To detect and correct multiple errors in vertically adjacent tag words, the address of erred words should be determined. This is done by the error address generation block, shown in Fig. 1. This block contains an error address encoder.

**Error Address Encoder.** When an alpha particle hit corrupts multiple adjacent tag words, a priority encoder should be used to find the address location of the errors. Implementation of a priority encoder is costly compared to an address encoder. To take advantage of the fact that only adjacent tag words can



Fig. 3. Pipeline diagram for the detection and correction for soft errors in Fig. 2(b)

| Pipeline Stage | Delay Component                        |
|----------------|----------------------------------------|
| PAR            | Parity chain                           |
| ENC            | Error address encoder                  |
| RD             | Reading tag CAM and error computation  |
| WR             | Writing tag CAM                        |
| MRA            | Miss Status Holding Register access    |
| PROP           | Parity chain and error address encoder |

Table 1. Definition for abbreviated words in Fig 3

be corrupted simultaneously, we propose a scheme that only requires an address encoder.

In our scheme, the error address encoder block consists of a pre-coder and an address encoder as shown in Fig 2(b). The pre-coder, shown inside the dotted box of Fig. 2(b), has two functions. The first is to OR several adjacent error signals using NOR gates. This is done to reduce the complexity of an address encoder. In Fig. 2(b), error signals from two adjacent tag words are ORed together by the leftmost NOR gates. So we only need an  $\frac{N}{2}$ -input address encoder instead of an N-input address encoder. The side-effect of this, if only one of two adjacent tag words is corrupted, we need to access both to determine which one is corrupted. The second function of a pre-coder is to give a tag with a higher address more priority so that it can be detected first. This second function is achieved using 2-input NAND gates. This pre-coding circuit makes only one word corruption appear at a time and thus an address encoder is sufficient to detect the address of a corrupted word. In the example shown in Fig. 2(b), ERR[3] and ERR[4]are one, which means that both tag word 3 and 4 are corrupted. Due to the gating logic, however, only  $G_{-}ERR[2]'$  is de-asserted, which indicates that the tag group containing tag word 4 and 5 is a starting point of corruption. Thus, the correction process reads tags in the order of tag word 5, 4, 3, 2 until it does not detect a corrupted word any more.
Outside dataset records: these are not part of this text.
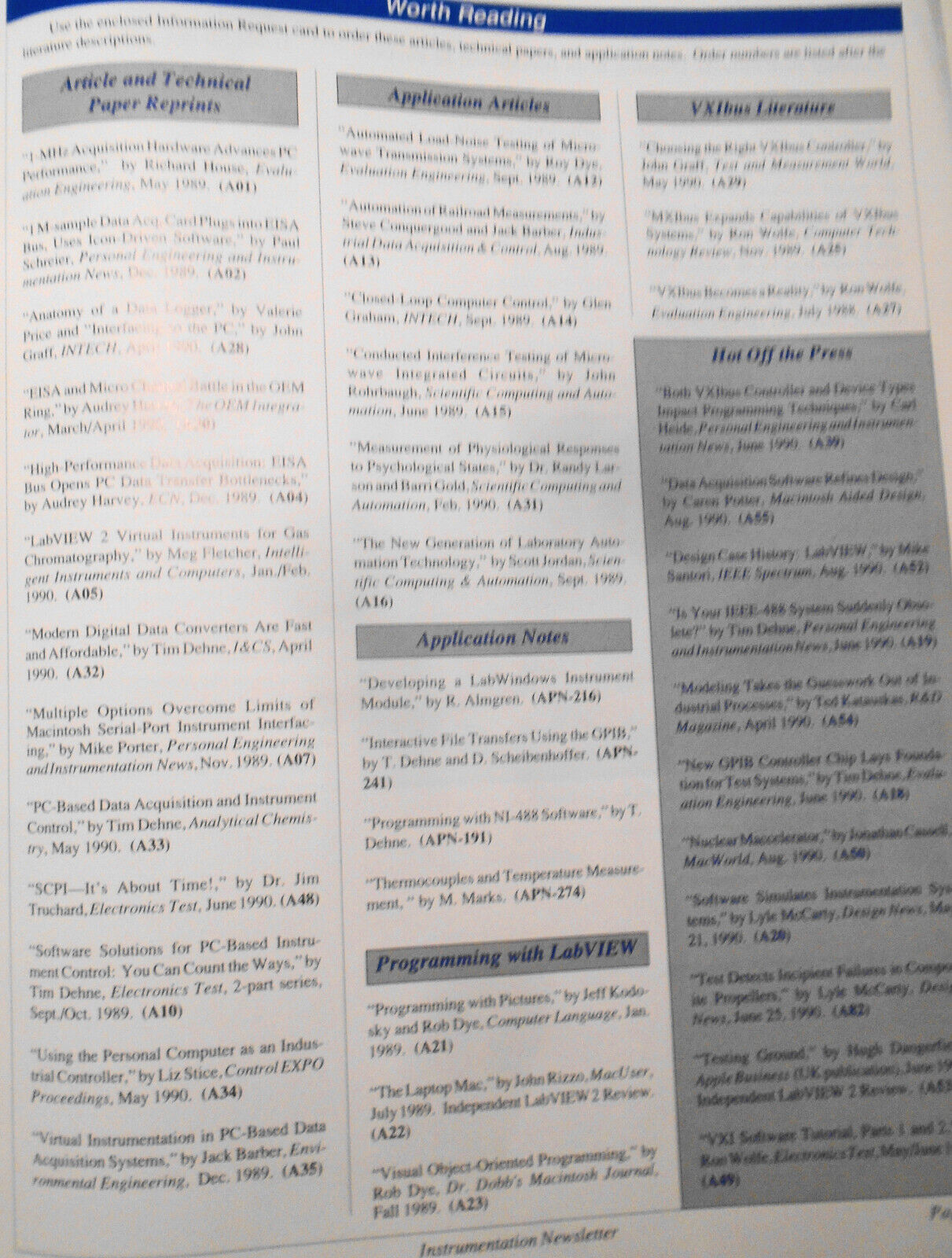 Instrumentation Newsletter, by National Instruments - August 1990, Vol. 2, N. 3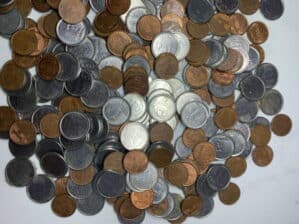 1kg de moedas diversas de 1 centavo do plano real cobreadas e inox
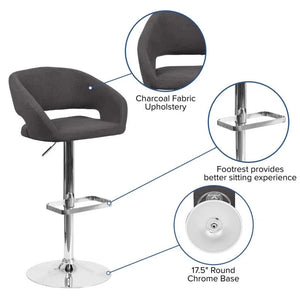 Amberlie Swivel Modern Upholstered Adjustable-Height Bar stool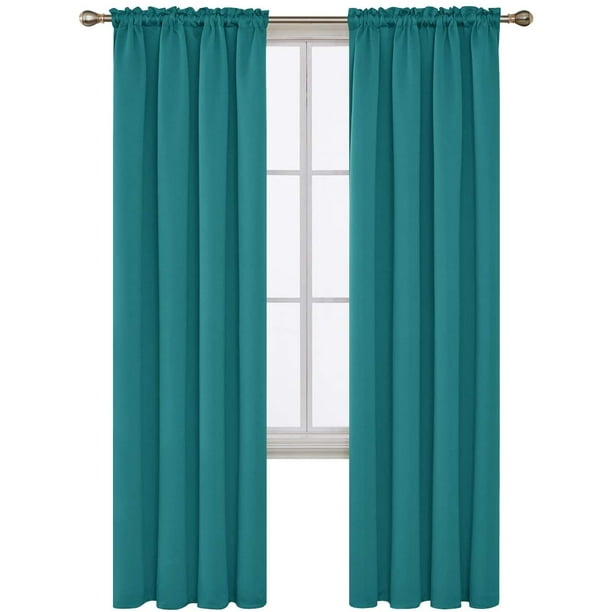 Deconovo Turquoise Blackout Curtains Rod Pocket Curtain Panels Light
**Detection and Correction Process.** When an alpha particle affects M adjacent words, we fix tag words one by one from the higher to the lower address word in a pipelined fashion as you can see from Fig. 3. The definition for PAR, ENC, RD, WR+MRA, and PROP used in Fig. 3 are described in Table 1. Since we do not know, how many tag words are affected by an alpha particle, we read them one by one starting from the lower address tag word until we find a tag with no error. By pipelining correction process and optimizing circuits for fast detection, we can significantly reduce the latency for correcting errors in multiple adjacent tags.
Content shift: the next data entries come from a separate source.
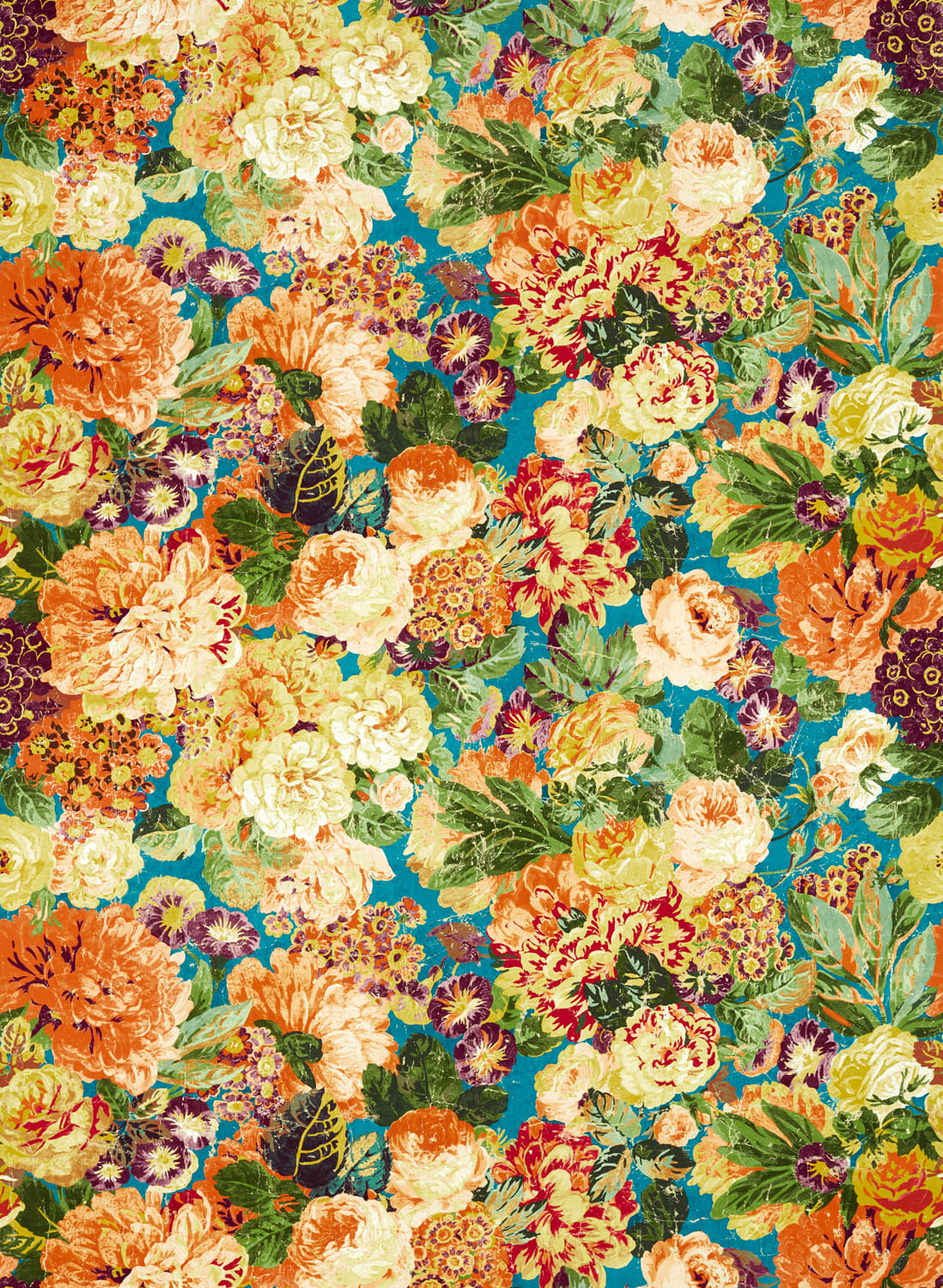 Tapete Very Rose and Peony - Kingfisher/ Rowan Berry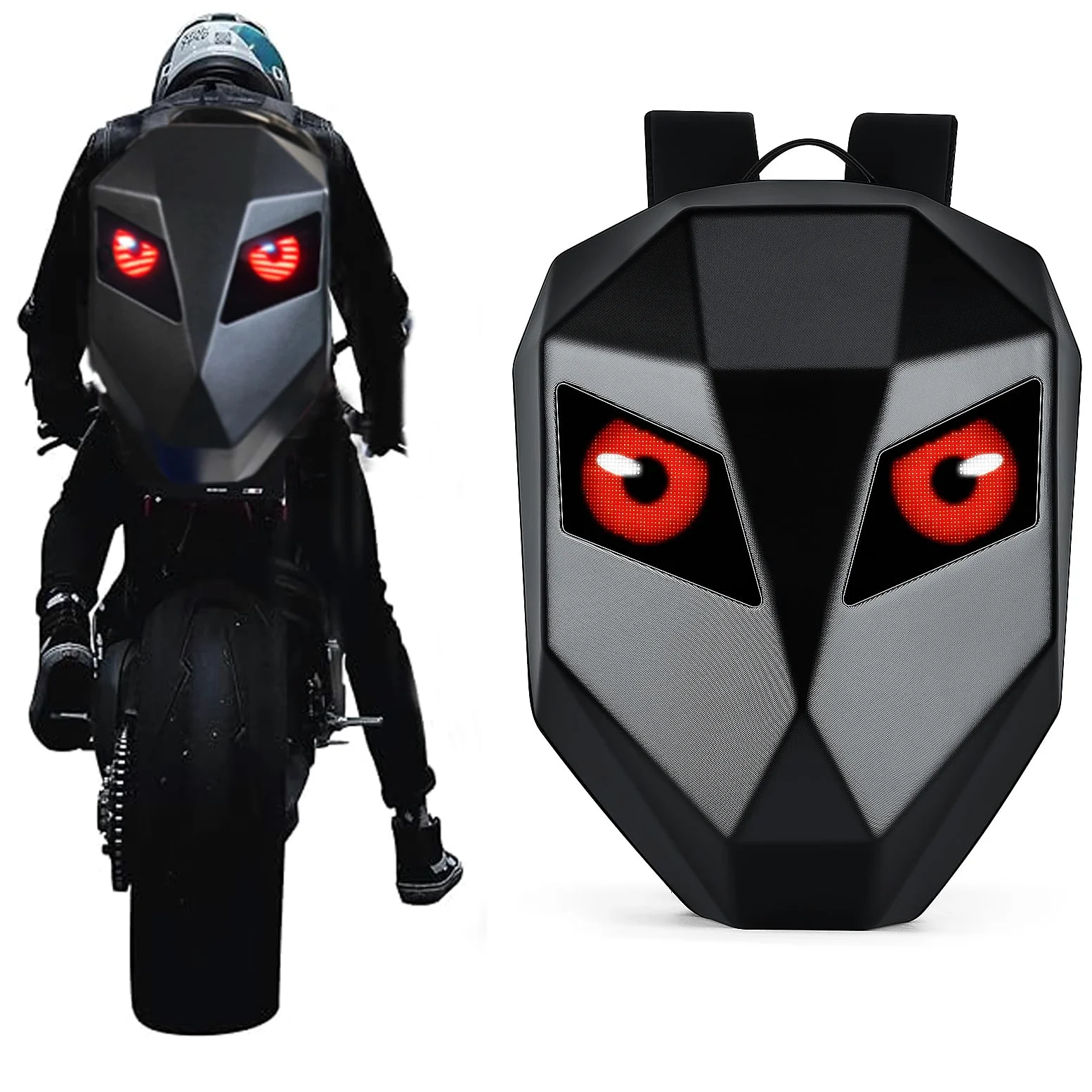 Gelrova LED Rucksäcke mit Programmierbarem Vollfarbbildschirm Motorrad-Rucksack, Dynamisch, APP, Wasserdicht, Unterstützt iOS/Android-System, Text/Bild/Gif-Animation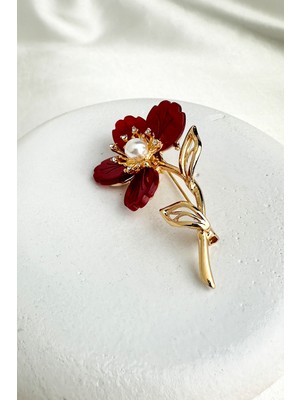 Modex Taş ve Inci Detay Zarif Çiçek Broş (6cm)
#### 2.4 False Cache Miss Handling

Typical handling of a cache miss in state-of-the-art non-blocking write-back cache proceeds as follows. First, a cache miss is registered into MSHR if no previous miss on the same cache line is found in MSHR. Second, a block to be replaced is picked and its contents are written back if the line is dirty. Third, a missed block fetch is initiated. Finally, when the block is fetched from the lower level memory, it is written into the cache and its MSHR entry is invalidated.

This procedure is modified to handle a false miss. The major modification includes following steps. First, when a soft error is detected, its corresponding tag is read and corrected. This corrected tag is searched in the MSHR. If it is found, it indicates that a false miss happened early and thus invalidates the valid bit of the corresponding entry in the MSHR. When the missed block is fetched from the lower level memory and it is not found in MSHR (which means its valid bit is invalidated), the fetched block is abandoned. To make this procedure work, we need an upper bound on the correction time, which is shown in Fig. 3. That is, if the correction is not completed before the false miss fetches a block, an entry in MSHR is not invalidated and the fetched block is treated as a fetch for a true miss. This can corrupt the cache block and lead to a system failure. Thus, the equation (1) should hold.

$$Correction \ Time < Cache \ Miss \ Penalty \tag{1}$$

This equation implies that given a cache miss penalty, there is an upper bound on how many tag words can be corrected. Thus, the optimization of the correction time is crucial. This will be discussed in next section.

### 3 Results

#### 3.1 Simulations

To verify the functional correctness of our scheme, a cache simulator based on SimpleScalar [9] was implemented. In addition, SPICE simulations are done to measure the error detection time. The time includes the delay through the parity chain, pre-coder, and address encoder. Transistor and interconnect models for SPICE simulations are acquired from [5]. One key point to bear in mind is that



**Fig. 4.** (a) Performance of the multi-bit correction scheme: error detection delay (left Y axis) vs the number of corrected tag words (right Y axis) with respect to the skew ratio of the error detection NAND gate (X axis). (b) Noise margin with varying NAND gate skew ratio.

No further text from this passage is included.